Nein, die Rechnungen, die die Gelbwesten präsentieren, sind ihre eigenen. Sie merken ganz konkret, ob sie am Ende des Monats noch Geld haben oder nicht. Diese Menschen kann man nicht mit leeren Worthülsen beruhigen, warnt Het Nieuwsblad.
Revolution – Ja, wo ist sie denn?
La Libre Belgique schreibt zur Entwicklung der Regionalexpressbahn RER: Gestern wurde in Flandern ein weiterer Streckenabschnitt eingeweiht, die RER ist in Flandern zu 99 Prozent fertig.
Doch in der Wallonie und in Brüssel sieht das ganz anders aus. Hier sollte die RER 2012 schon rollen, jetzt soll die erste Linie zwischen Brüssel und Ottignies erst Ende 2025 fertig sein. Warum? Zunächst, weil nicht genügend Geld zur Verfügung gestellt wurde und jetzt wegen politischer Spielchen zwischen Wallonen, Flamen und der Föderalregierung.
Jämmerlich ist das. Denn so bekommt man die Bürger nicht dazu, ihr Auto stehen zu lassen, schimpft La Libre Belgique.
Ähnlich kritisiert L'Avenir: Wie kann man auf der einen Seite das Ende des Autos predigen, es gleichzeitig aber versäumen, massiv in Alternativen zu investieren? Bus und Bahn sind in der Wallonie immer noch keine Alternative zum Auto.

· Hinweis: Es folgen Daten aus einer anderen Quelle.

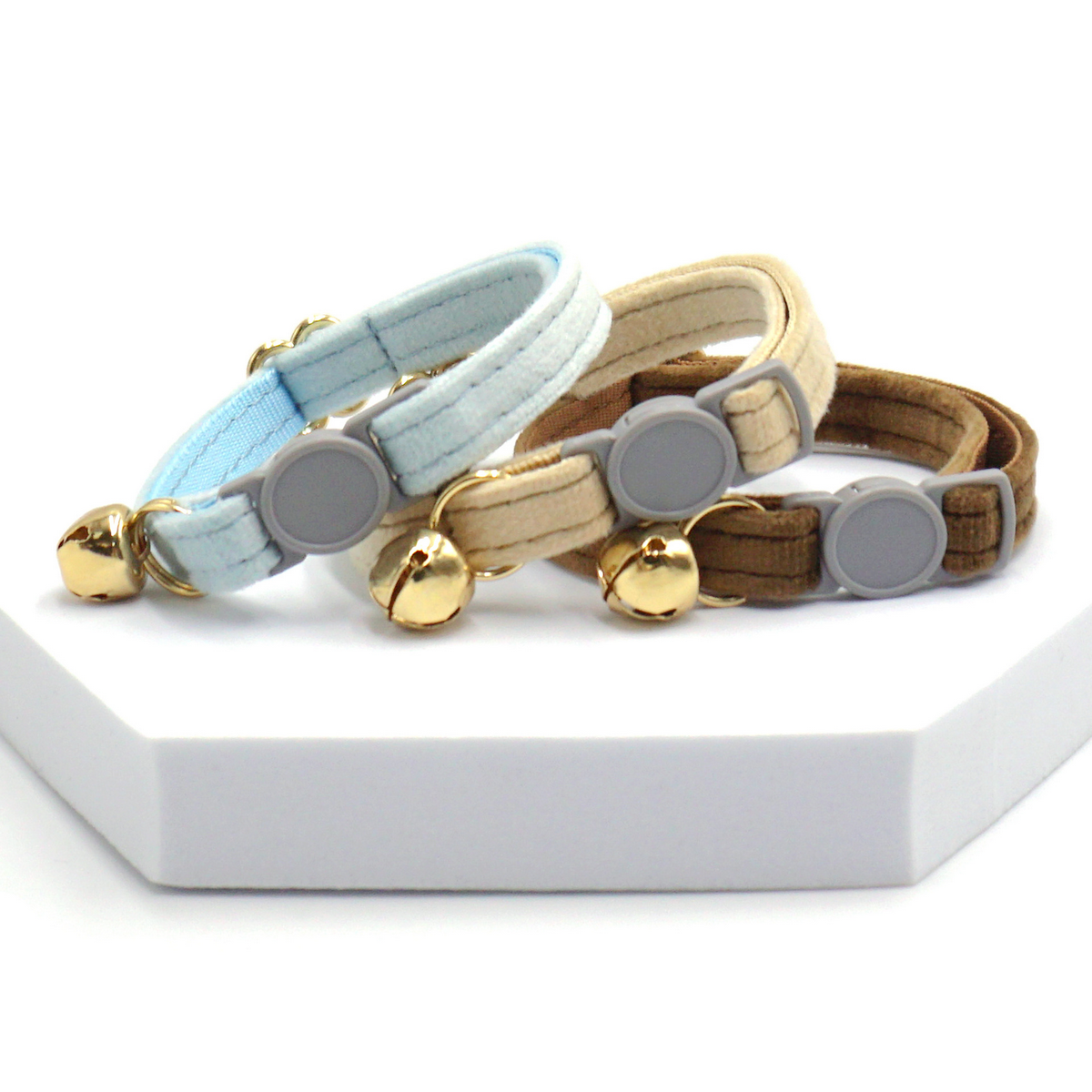 Custom Cat Collar – Bell & Engraved Name Tag_CWMM7101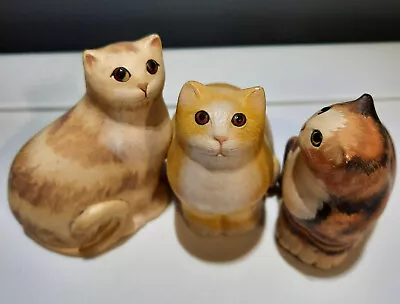 Vintage 1989 Artisans Cat Figurines Art Pottery Unique Designs • $18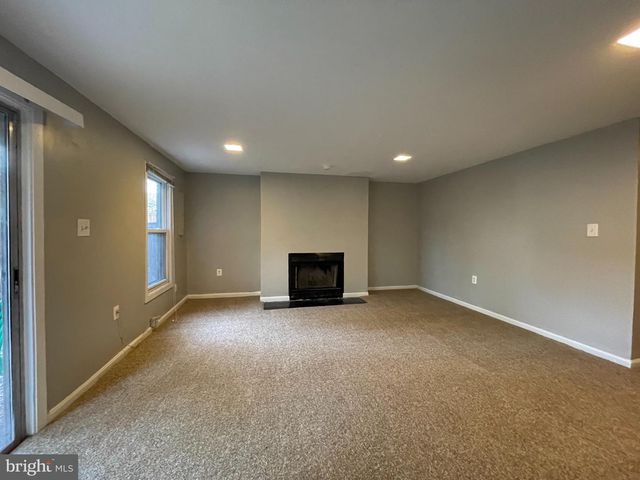 14262 HERITAGE CROSSING LN, Centreville, VA 20120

Am Sonntag, wenn im Brüssel die große Klimademonstration stattfinden wird, werden auch viele Politiker dabei sein und zur Rettung der Erde aufrufen. Aber wenn man eine Revolution machen will, muss man sich die Mittel dafür geben. Sonst ist die Revolution zum Scheitern verdammt, erinnert L'Avenir.
Entscheidungen sind gefragt
De Morgen kritisiert in diesem Zusammenhang die EU-Kommission und führt aus: Gestern hat die Kommission ihre Pläne verkündet, Europa bis 2050 klimaneutral zu gestalten. Das ist auch dringend nötig. Aber die gleiche Kommission wacht auch mit Argusaugen darüber, dass die EU-Mitgliedstaaten eine strenge Haushaltsdisziplin beachten. Das verhindert massive Investitionen in neue Technologien, die ein klimaneutrales Europa ermöglichen könnten.
Die Frage ist, was wichtiger ist. Eine gesunde Welt oder ein gesunder Haushalt?, fragt rhetorisch De Morgen.
De Standaard schreibt zur Debatte um den UN-Migrationspakt: Jetzt sollen also vier Experten des internationalen Rechts überprüfen, welche rechtliche Konsequenzen der UN-Pakt für Belgien haben könnte. Das Ergebnis wird an dem Streit nichts ändern, denn hier geht es längst um Symbolik. Wer sich nur abschotten und Grenzen bauen will, der unterschriebt den Pakt nicht. Wer gemeinsam mit anderen nach Lösungen der Migration in der Welt suchen möchte, der setzt sich für den Pakt ein. In Belgien scheinen die Fronten da schon geklärt, stellt De Standaard fest.